Ford states that this engine and gearbox combination returns an ARAI fuel efficiency figure of 16kpl. This is 2.5kpl lower than the claimed figure for its manual counterpart (18.5kpl).
The Figo has always differentiated itself with its nice-to-drive nature and that holds true even today. The steering feels light at low speeds, aiding its manoeuvrability around town. As you pick up pace, the steering weighs up well and feels very direct and responsive. Show the Figo some corners, and you’ll see that it is quite eager to turn in and change directions. All this gives you a sense of confidence from behind the wheel that few other hatchbacks deliver.
Ride is another area that the Figo excels in. It deals with bad roads without breaking a sweat, as it works silently and irons out all sorts of road imperfection, barring the largest of potholes. The Figo's suspension setup feels very stable at higher speeds and it also has a strong set of brakes that have a very reassuring feel on the brake pedal.
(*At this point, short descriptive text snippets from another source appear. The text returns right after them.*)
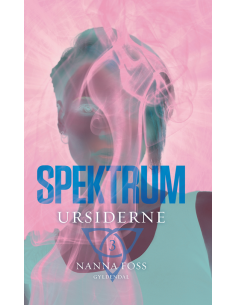 Spektrum 3 - Ursiderne
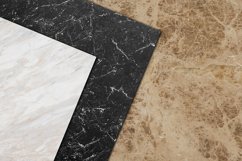 Marble Digital Paper Product Image 2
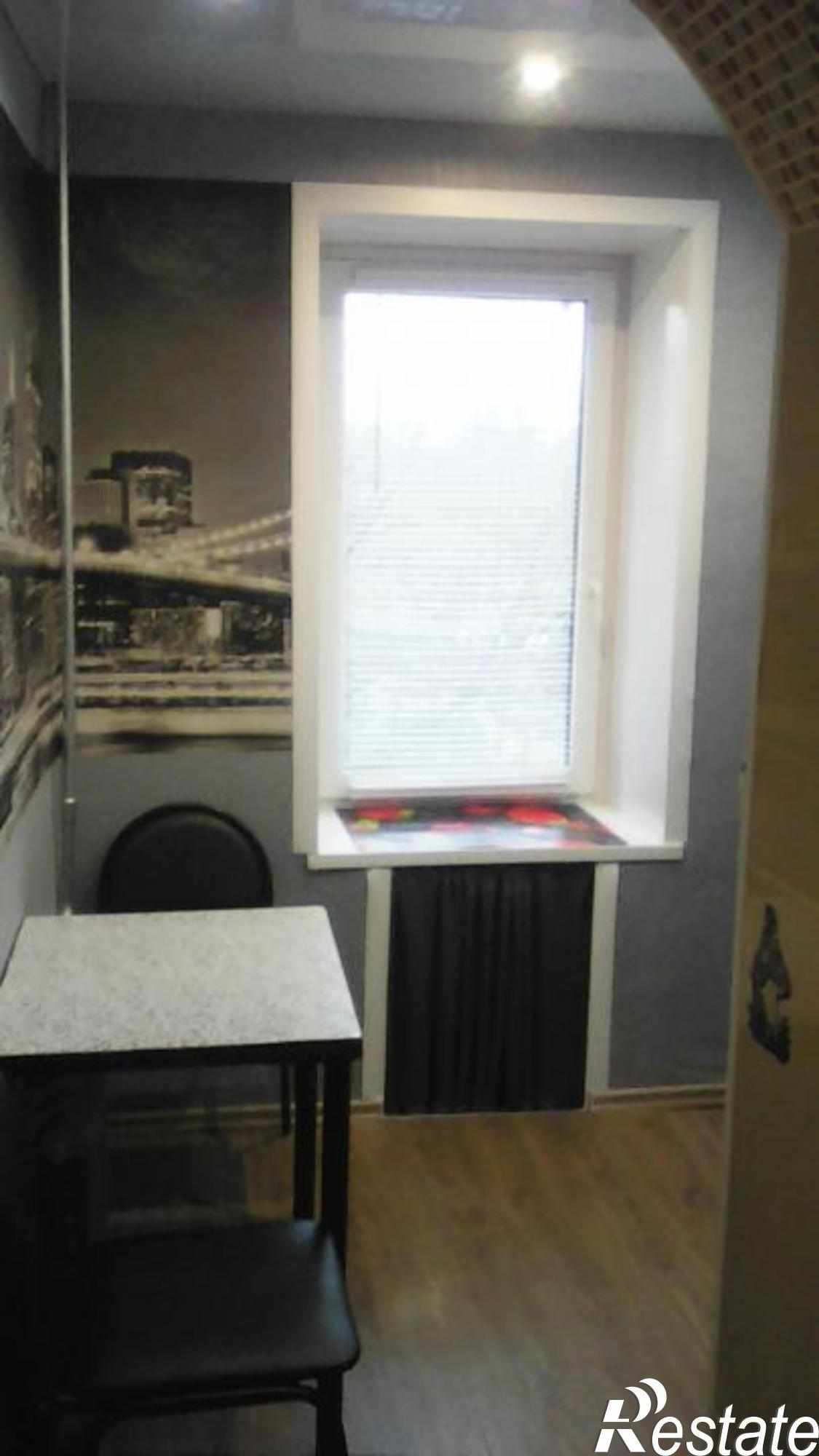 Сдать квартиру за 15 000 рублей на Соколова-Соколенка ул, 24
The Ford Figo automatic is only available in two trims – Titanium, which is priced at Rs 7.75 lakh (ex-showroom), and Titanium+, which costs Rs 8.20 lakh. At first glance, the Figo Titanium AT might look like the costliest entry-point amongst its rivals, as the Hyundai Grand i10 Nios Magna AMT starts at Rs 6.62 lakh and the Maruti Suzuki Swift VXI AMT starts at Rs 7.01 lakh. However, when you consider that the Titanium is a mid-level variant, its price is much more competitive to its mid-range counterparts – the Nios Sportz AMT (Rs 7.23 lakh) and Swift ZXI AMT (Rs 7.64 lakh). In fact, the top-spec Figo Titanium+ AT even undercuts the price of the range-topping Swift ZXI+ AMT (Rs 8.42 lakh), however it still doesn’t beat the Nios Asta AMT’s Rs 7.86 lakh price tag.
So, should you buy one? The Figo is missing the latest equipment and the package has started to feel a bit long in the tooth now. Yes, this Figo auto promises much, with class-leading power, a relatively sophisticated torque converter gearbox and a keen price tag, but somehow the package doesn’t quite bowl you over.
That being said, the Figo's appeal is in its fun-to-drive nature, strong build and class-leading safety equipment; these have long been the prime reasons to be interested in the Ford hatchback. The new automatic transmission adds in convenience to this list of strengths.